» Work to be completed
Where the line containing "Extreme Hypo Honduran Milksnake" appears in the records below, begin there and write out each line exactly until the last one, and nothing more.

===== Working data =====

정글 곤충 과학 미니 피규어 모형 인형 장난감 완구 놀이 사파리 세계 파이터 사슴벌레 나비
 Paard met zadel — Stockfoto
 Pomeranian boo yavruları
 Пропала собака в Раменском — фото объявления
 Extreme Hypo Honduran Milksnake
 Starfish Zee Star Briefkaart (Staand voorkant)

=====

» Answer to this task
 Extreme Hypo Honduran Milksnake
 Starfish Zee Star Briefkaart (Staand voorkant)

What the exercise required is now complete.